Michael C. Hall. Photo: Joan Marcus.

A great many members of the press -- and, based on the Show-Score numbers, a fair number of regular theatregoers -- have found much to love in Thom Pain (based on nothing). I am baffled by this phenomenon. Indeed, I'm mystified by the entirety of Will Eno's play, beginning with the title, which seems to reach in the direction of cleverness before pausing, thinking about it, and giving up altogether. The title character -- the only character, if you discount an audience recruit and a plant who is heard but not really seen -- is a man in his thirties or forties experiencing a kind of existential crisis rooted in childhood trauma and a broken romantic relationship. I can't give you additional details -- not out of fear of disclosing any spoilers but because Eno has no interest in exploring the situation, deepening it, or bringing it to a resolution. Instead, he lets his title character circle his wounds, burying them in layer upon layer of words.
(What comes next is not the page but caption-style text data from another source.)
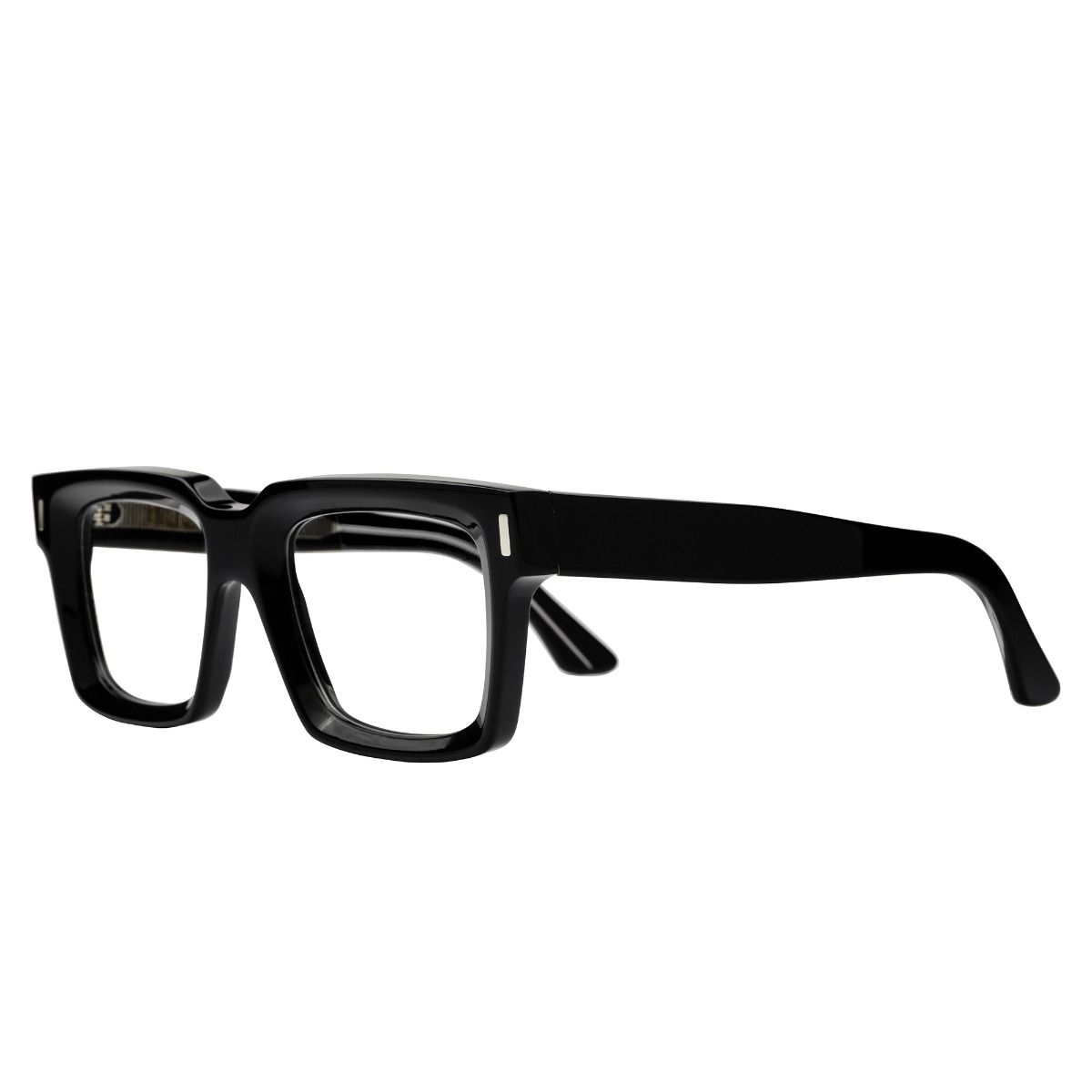 1386 Optical Square Glasses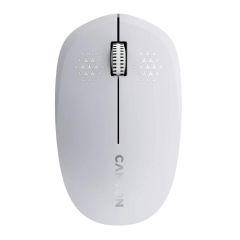 Canyon CNS-CMSW04W, Ambidextrous, Optical, Bluetooth, 1200 DPI, W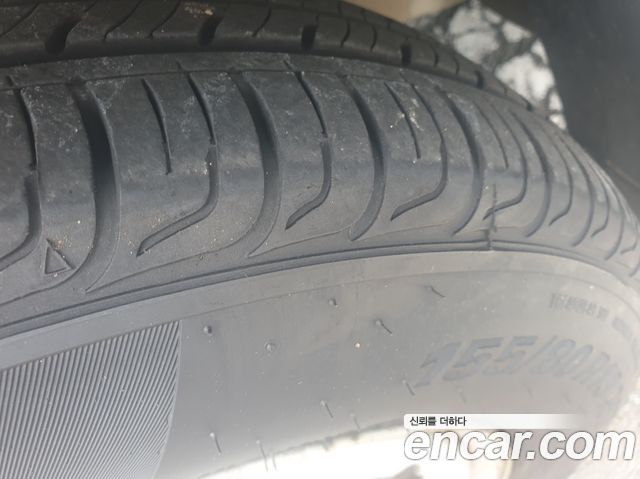 Chevrolet Korea Spark 2014 — photo 11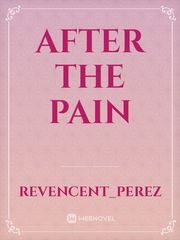 After the pain Book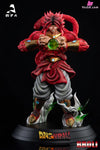 Dragon Ball Broly GK Statue - Bao Zi A Studio [Pre-Order] Dragon Ball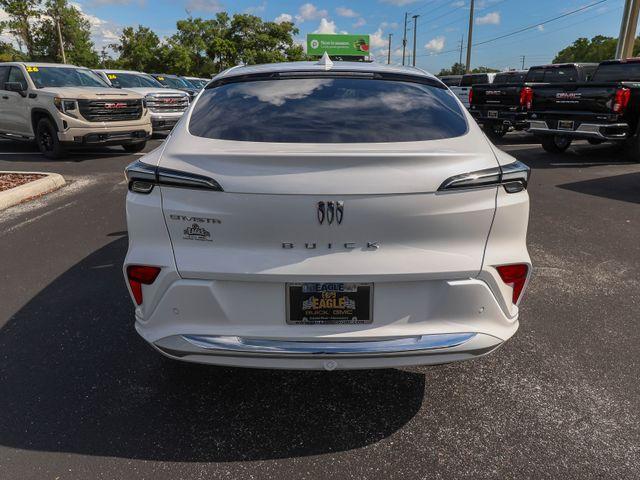 new 2026 Buick Envista car, priced at $33,039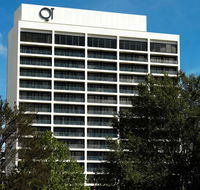 QT Canberra - Queensland Tourism
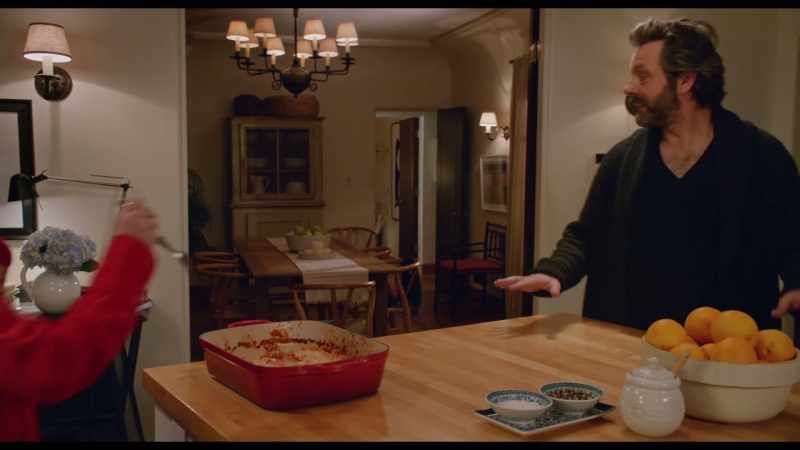 God, you remember us sittin' in here when you brought me to meet your dad?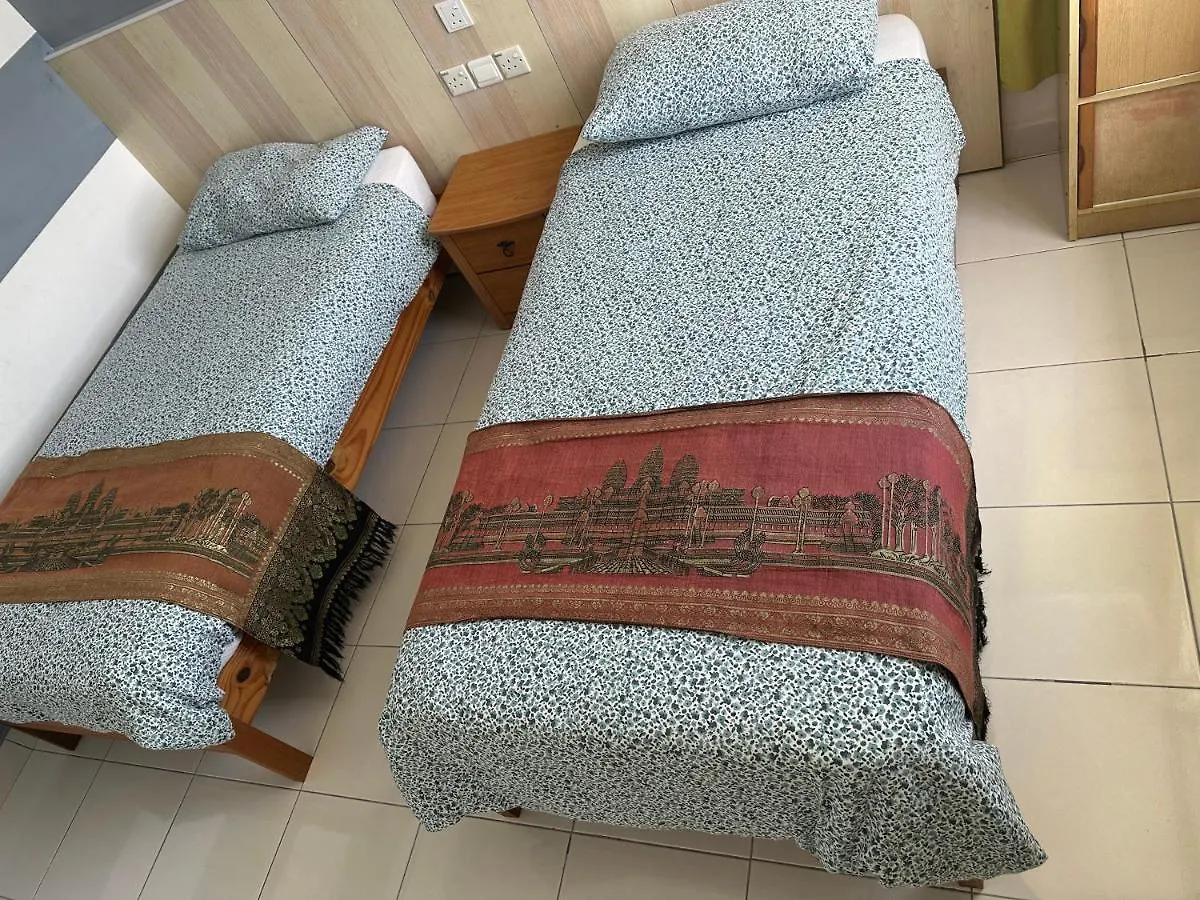 Spaceview M3 Kuala Lumpur Homestay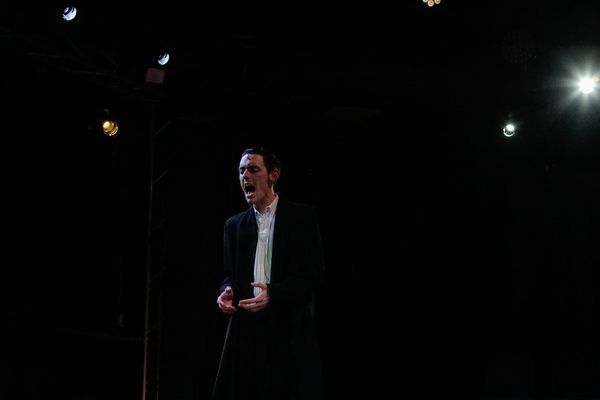 Photos: First Look at TICK, TICK... BOOM! At Sarasota Players  Image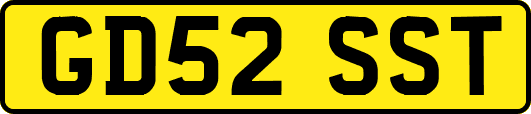 GD52SST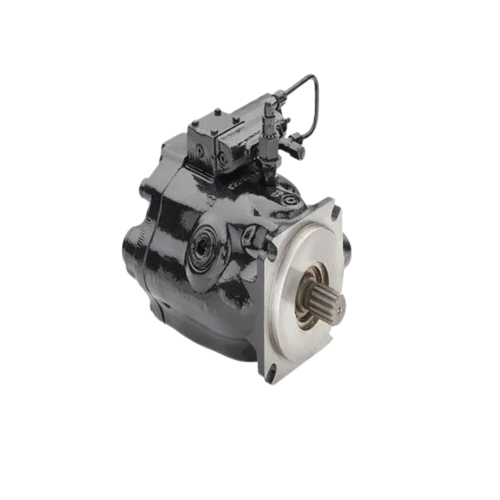 Parker Variable Piston Pump - Material: Stainless Steel
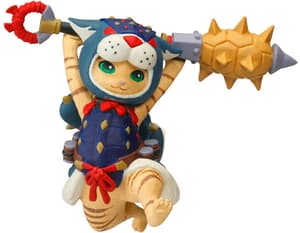 Arzuros Neko - Otomo Airou - 1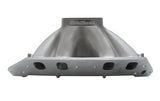 Edelbrock Manifold Big Victor II BBC w/ Edelbrock Profiler or Dart Big Chief Heads Dominator Flange - 28001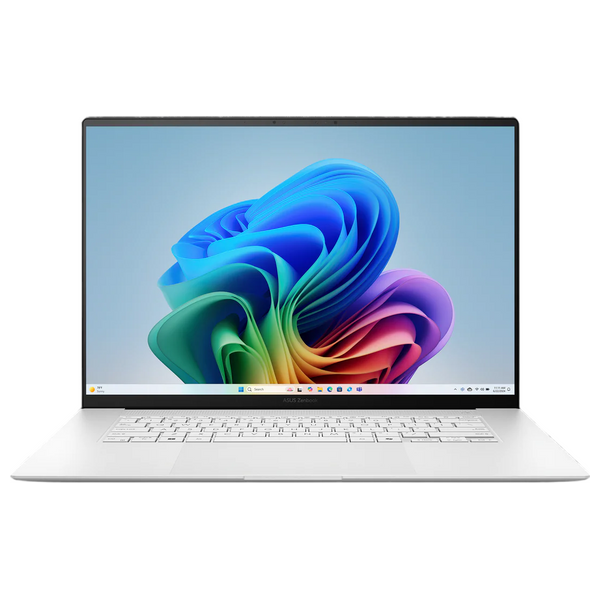 Asus Laptop 16-Inch - Zenbook S 16 Copilot - AMD Ryzen AI 9 HX 370 - 32GB/2TB SSD - AMD Radeon 890M - Windows 11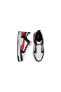 Unisex Sneaker Beyaz-kırmızı 370490-07 Rebound Layup Lo Sl Jr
The program notes for Thom Pain assert that Eno's writing has several virtues, one of which is "existential humor." As an example, Thom, addressing the audience, says, "A little boy in a cowboy suit, writing in a puddle with a stick, a dog approaching. Deaf or dumb, the boy is, or, like anyone, a little timid, partly stupid, ashamed, afraid, like us, like you. Our little boy is wearing shorts, shoes, no socks, no cowboy boots." He goes on for roughly two hundred words, painting a picture of an abject youth, before adding, almost as an afterthought, "Now go fuck yourselves."

Or try this one on for size: "Does it scare you? Being face to face with the modern mind? It should. There is no reason for you not to be afraid. None. Or, I don't know. (Gently.) Shall I save your life? Shall I love you slowly and be true? Shall I stroke your cheek, gently, almost not at all, and bring you a glass of cold water in the restless humid night? Whatever." At this point, an audience plant, seemingly irritated by Thom's wordy ways, stalks out of the theatre, slamming the door behind him. "Au revoir," says Thom, adding a certain four-letter word that begins with the letter C.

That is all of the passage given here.